### Task requirements:
Once you reach the line with "Family members passing" below, copy each line exactly, stopping after the line with "Man met oranje", and skip any pictures.
++++ Records shown
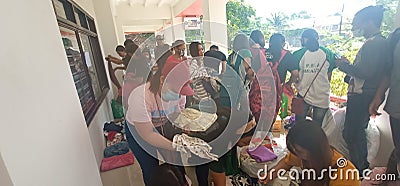 Helping others are good and charity, interms of calamity Editorial Stock Photo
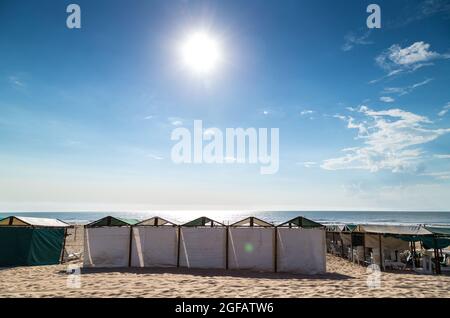 Der Strand am Morgen. Strandzelte im Vordergrund. Sonniger Sommertag. Szene der südatlantikküste. MAR DE LAS PAMPAS, ARGENTINIEN Stockfoto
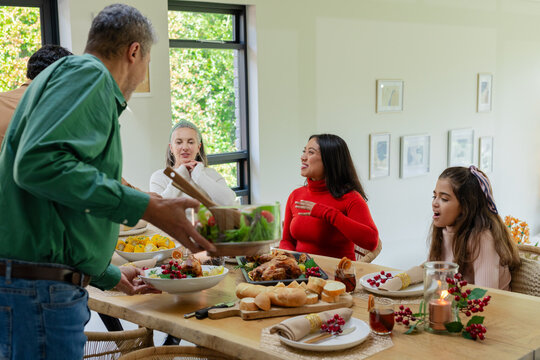 Family members passing salad bowl and sharing festive dishes around wooden dining table at home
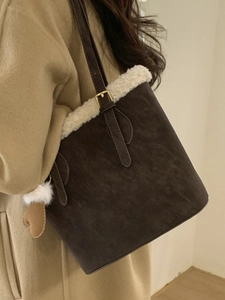 Vintage coffee brown bucket bag with plush white faux fur trim and heart charm detail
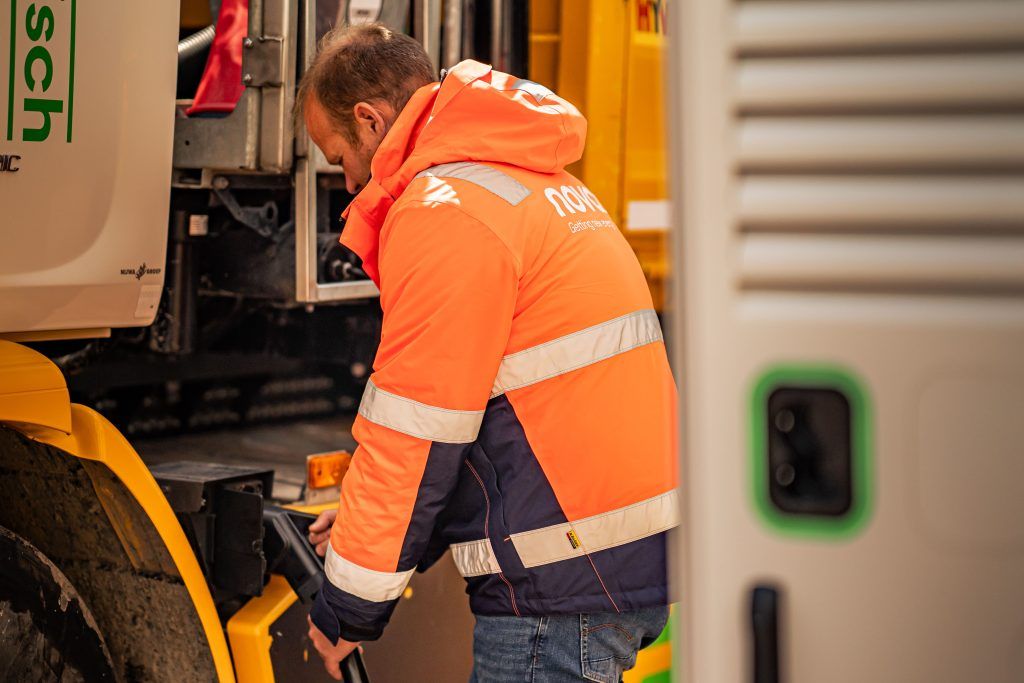 Man met oranje Novar jas laadt zijn elektrische vrachtwagen op.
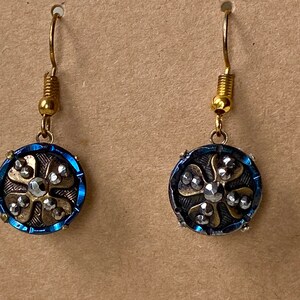 Puede incluir: Un par de pendientes azules y dorados con un diseño de flor y pedrería.
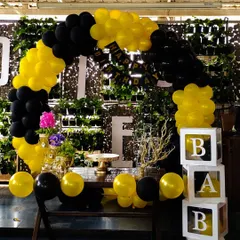 A bold and modern decoration with a black and yellow balloon arch against a green wall. This setup includes a dessert table, floral accents, and transparent 'BABY' blocks filled with matching balloons for a stylish celebration.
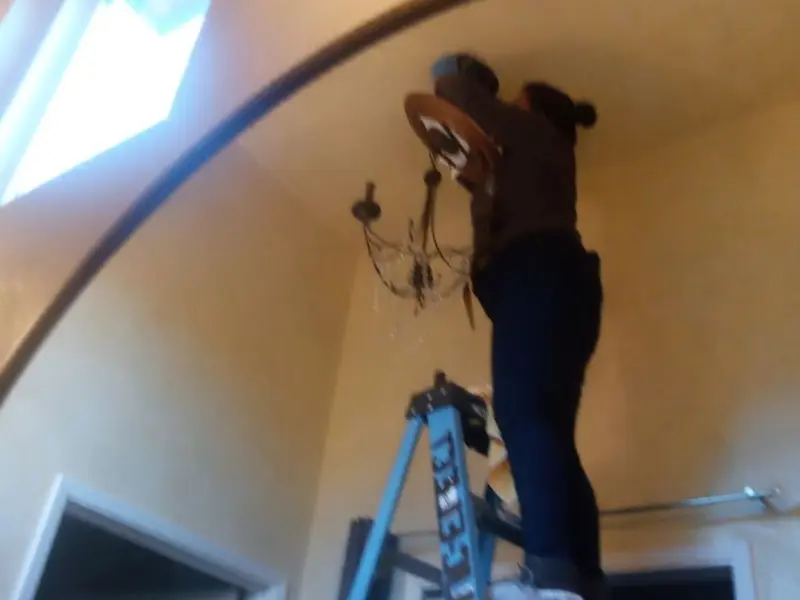 Electrician installing a chandelier in a Orangevale residence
++++++++
### Solution for this problem:
 Family members passing salad bowl and sharing festive dishes around wooden dining table at home
 Vintage coffee brown bucket bag with plush white faux fur trim and heart charm detail
 Man met oranje Novar jas laadt zijn elektrische vrachtwagen op.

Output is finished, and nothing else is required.